Prominently located on the coast of East Chop, Martha’s Vineyard, Big Bluff boasts big views due east towards the Nantucket Sound. Separated by a lightly trafficked neighborhood avenue, the residence is comprised of two buildings: a main house directly adjacent to the shore, and a guest house to the rear. As a result, the primary objective for the design of the landscape was to develop a language that would unify the two parcels.
To achieve this design objective, a repeating pattern is introduced utilizing bluestone steppers, where the edges of each stone are pushed and pulled, akin to the movement of waves. A single path featuring this pattern extends through the entire landscape, from the coastal front yard to the guest house in the rear.

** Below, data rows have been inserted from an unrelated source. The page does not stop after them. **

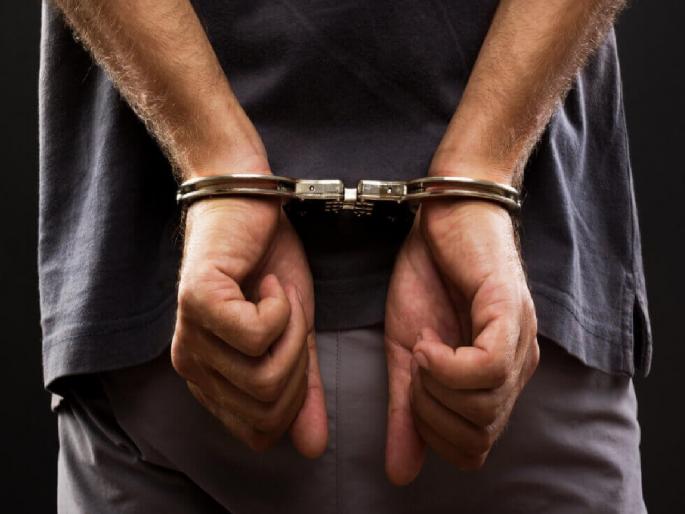 Two accused in jail absconding for three years | तीन वर्षापासून फरार असलेले दाेन आराेपी गजाआड Two accused in jail absconding for three years | तीन वर्षापासून फरार असलेले दाेन आराेपी गजाआड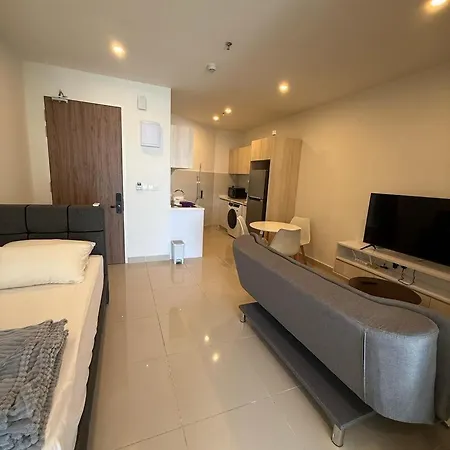 The Shore By New Voyage Kota Kinabalu Exterior photo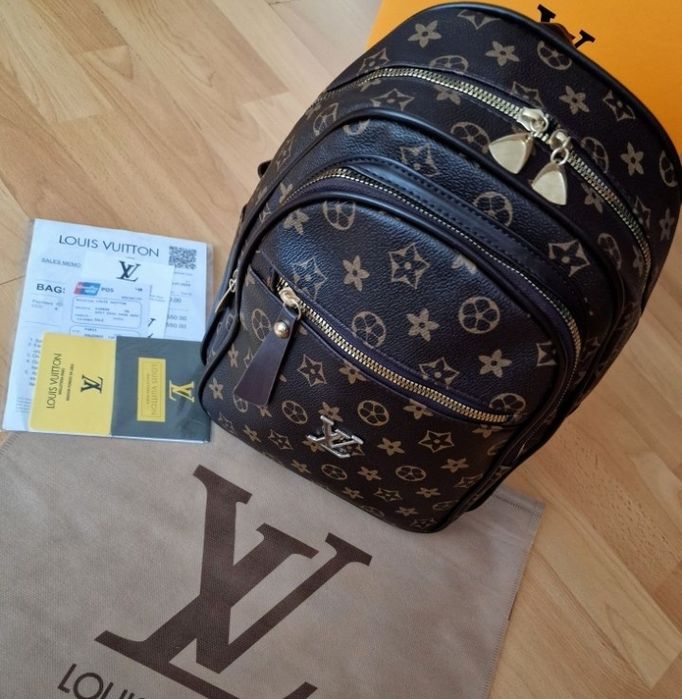Rucsac LV logo metalic auriu, saculet, etichetă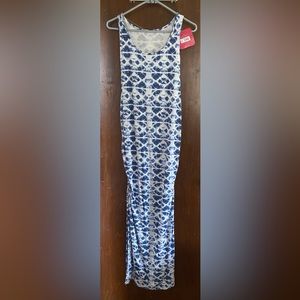 3/$30 Ingrid and Isabel Maternity Dress, tie dye, blue and white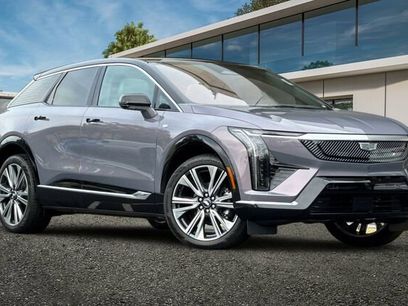 New 2026 Cadillac Optiq Luxury 2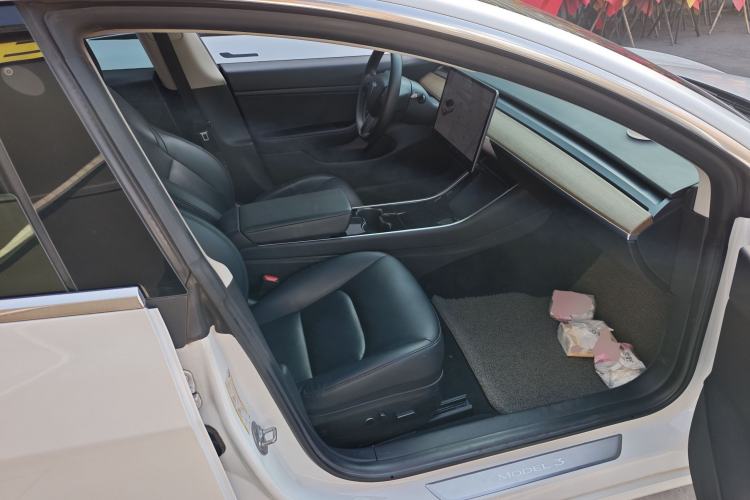 Used Tesla Model 3 2020 Revised Version Standard Range Rear-Wheel Drive – Upgraded Edition Right Front Seat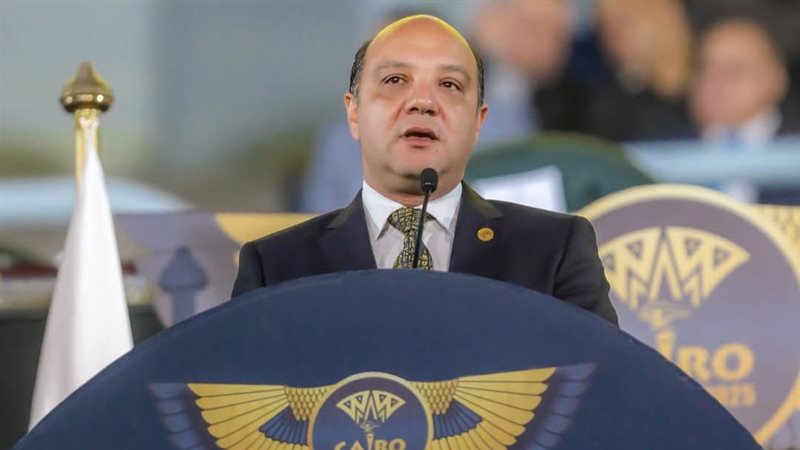 إيهاب أمين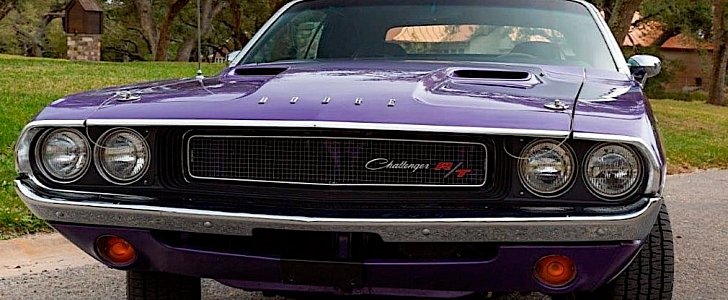 plum crazy 1970 dodge challenger r t is why funky purple is cool on muscle cars autoevolution plum crazy 1970 dodge challenger r t is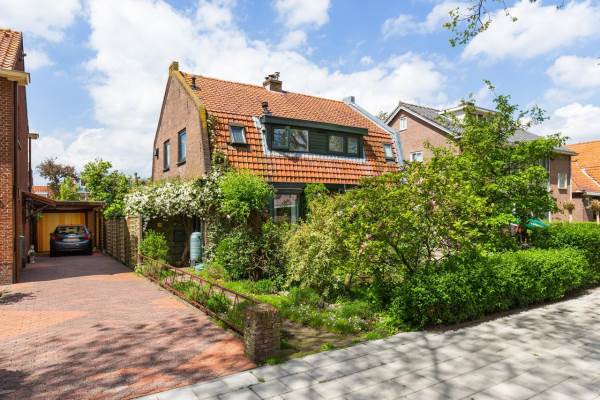 Woning IJweg 97 Zwanenburg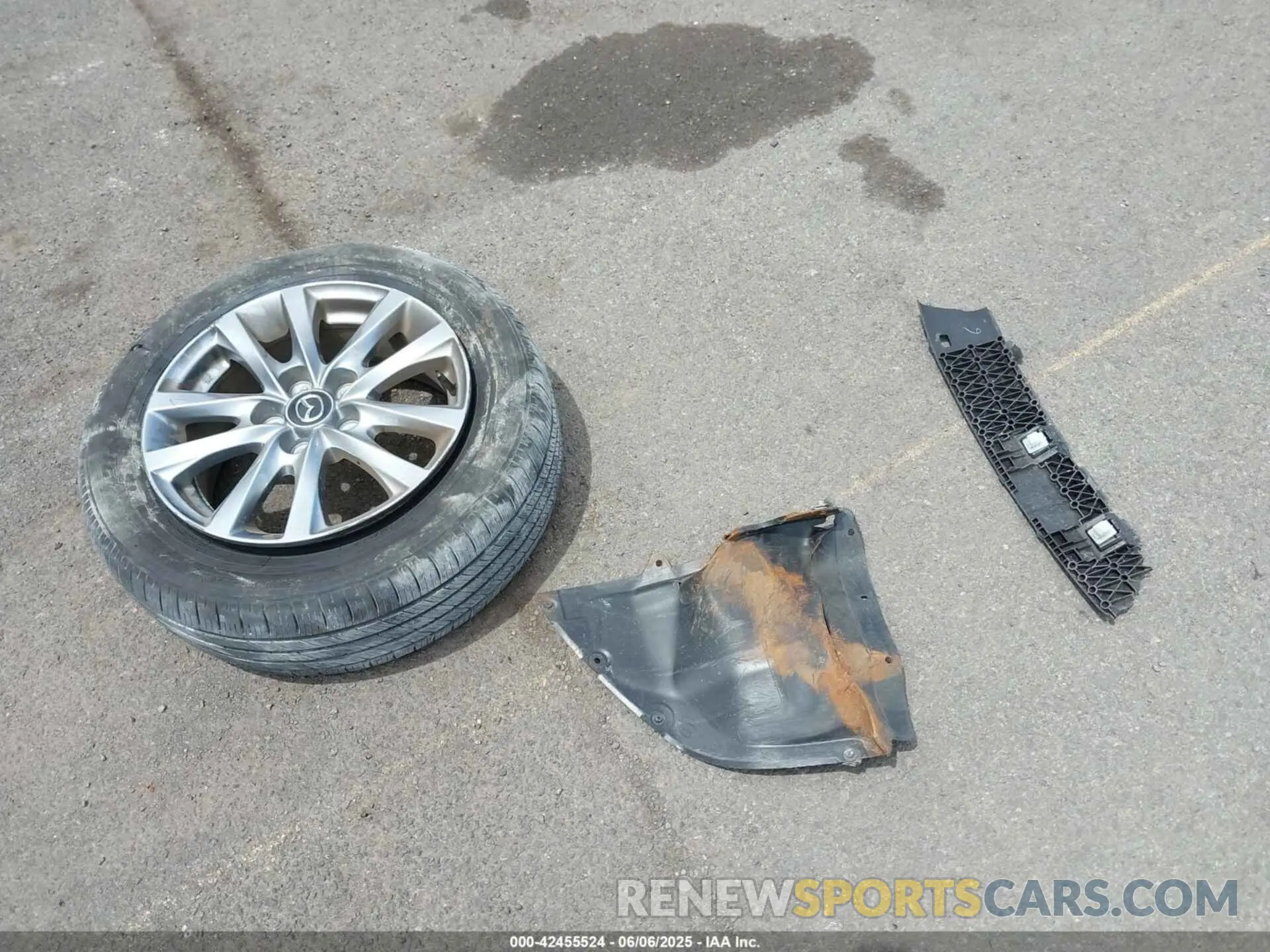 11 Photograph of a damaged car JM1BPAAM8S1766213 MAZDA MAZDA3 2025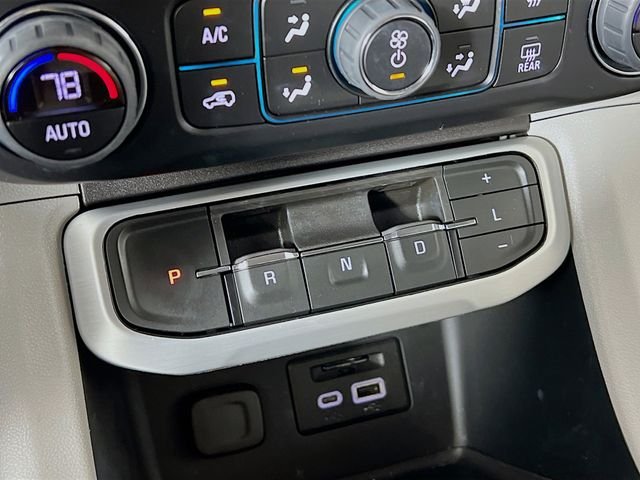 2023 GMC Acadia SLT - Photo 23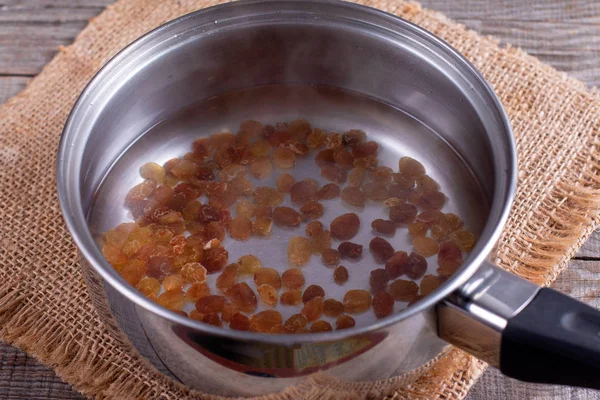 Raisins in a pan — 스톡 사진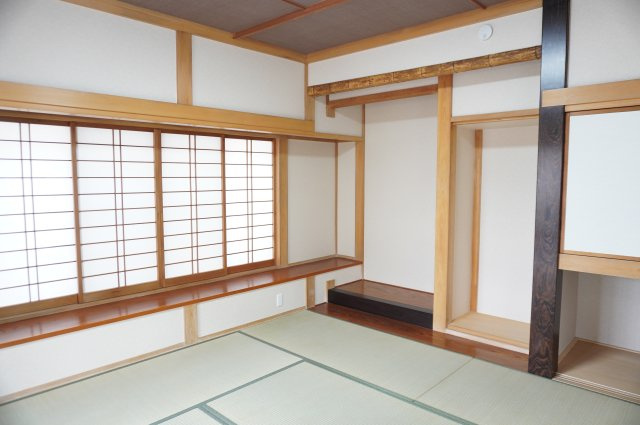 越谷市大字大道 中古戸建の和室|1階 8帖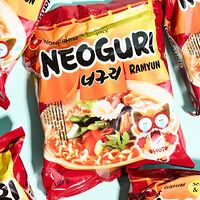 Неогури с морепродуктами острая Nongshim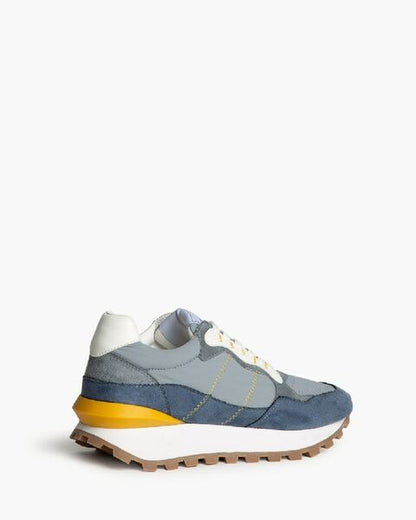 Gray Suede Sneakers with Retro Vibe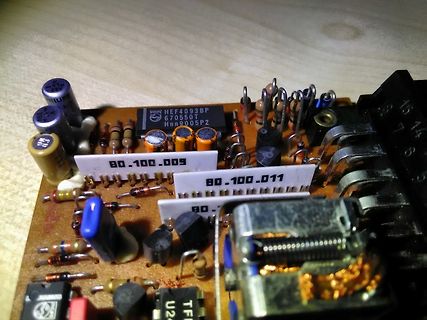Nahaufnahme einer Leiterplatte mit elektronischen Bauteilen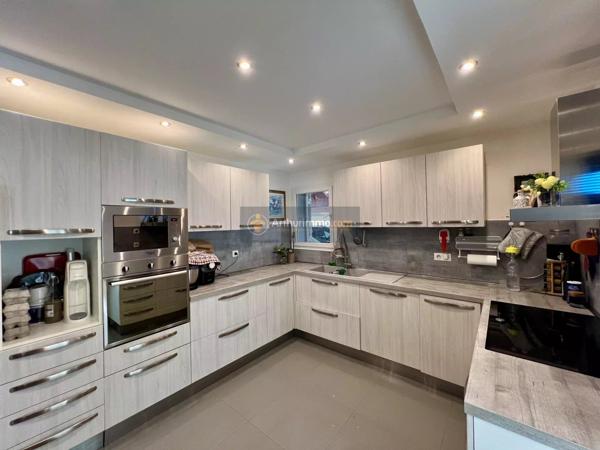 Vente Maison 9 pièces 257 m2 à Lucciana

Reinforcing this connection are two nearly identical arbors in character with the architecture, each providing a gateway between the houses.
Maintaining the use of a natural materials palette, a unique feature of the landscape is a custom bicycle stand that carves out large notches in a single stone to rest and support tires within. At the front of the property, a select few openings in the native viburnum hedge allow for physical and visual connectivity to the ocean beyond. The hedge goes on to encompass a flagpole, standing proud at the northernmost point of the property.
Located on the south side of Martha’s Vineyard, just to the north of South Beach within the native sandplain grasslands of Katama, this property was comprised of two previously developed residential lots. The project sought to redevelop the property, joining the two lots to create a family compound, while preserving and restoring native endangered habitat.
The design for the compound focused on maximizing views to the ocean. The buildings and the landscape were designed to work closely together and are oriented to take advantage of the southern ocean views. The family is active outdoors and requested a program that includes: a cutting garden; vegetable garden with compost bin; outdoor kitchen and pergola; pool house; bocce court; and 70-foot shallow swimming pool and spa.
Even as the active use area was designed to accommodate the program and maximize views, the true challenge was conceiving of a scheme also sensitive to the existing sandplain grasslands. After careful study and working with regulatory agencies and local specialists, a plan was developed and implemented that converted existing lawn areas into thriving native grasslands.
South of Edgartown, an abandoned gravel pit existed on the glacially formed Katama outwash plain. The pit had been mined for years to a depth in excess of fifty feet and had most recently been used a dump for construction debris. These combined events created a 25-acre site, devoid of vegetation, which was in stark contrast to the surrounding native scrub-oak and pine forest and Edgartown’s iconic tree lined streets and privet hedges close by.
The plan for the reuse of the site as a residential neighborhood with a private club at its core was developed. The Field Club, as it came to be known, includes a compliment of recreation amenities including clay and championship lawn tennis courts, lap pool and beach entry swimming facilities, and a bocce court and bowling green. The landscape plan drew inspiration from Edgartown’s streetscape with clipped hedges accented with boxwood, hydrangea, rose, and clematis.
This narrow oceanfront property is located within a historic community on Cape Cod. The original 1930s shingle-style house and property underwent an extensive renovation, transforming the existing landscape to accommodate a gracious entry sequence and a generous program. This was accomplished while preserving the estate-like character, expansive ocean views, and the fragile ecosystem of the coastal dunes.
Today, the site’s identity is enhanced by a gradient planting scheme that progresses through the site. This begins at the entry with rhododendron and evergreen trees, which reflect the established character of the neighborhood and provide privacy. At the house, privet hedges and a grass lawn panel define the arrival court, while beach grass and native shrubs stabilize the dunes.
At the rear of the home, the pool and spa, a dining terrace, and lawn provide casual and inviting options. A pergola, enhanced with climbing roses, offers choices for seating and an unobstructed view of Nantucket Sound. The completed landscape balances the young family’s desire to have an intimate year-round retreat as well as the ability to host large gatherings during the summer.
Situated on the northwest coast of Martha’s Vineyard, this property overlooks the Vineyard Sound. The rural landscape is defined by standing scrub oak groves and ledge outcroppings, which were preserved throughout construction. The drive winds through indigenous plantings to arrive at an informal pea stone auto court where a feature oak helps frame a glimpse to the water beyond. Working closely with the architect, a new house was sited to optimize views to the sound while integrating an existing guesthouse and pool within the new landscape.
Dry-stacked, rounded fieldstone walls reference the agrarian character found “up island” and serves to terrace the land for improved grade and circulation. A circular mosaic terrace with broken edges intersects the pool in a gesture that strengthens the geometric connection between the pool, walkway with stairs, and main residence. Hydrangea, perennials, and grasses provide color during the summer months while native grasses and lowbush blueberry soften the edges of the property by forming a naturalistic border between the built and native landscape.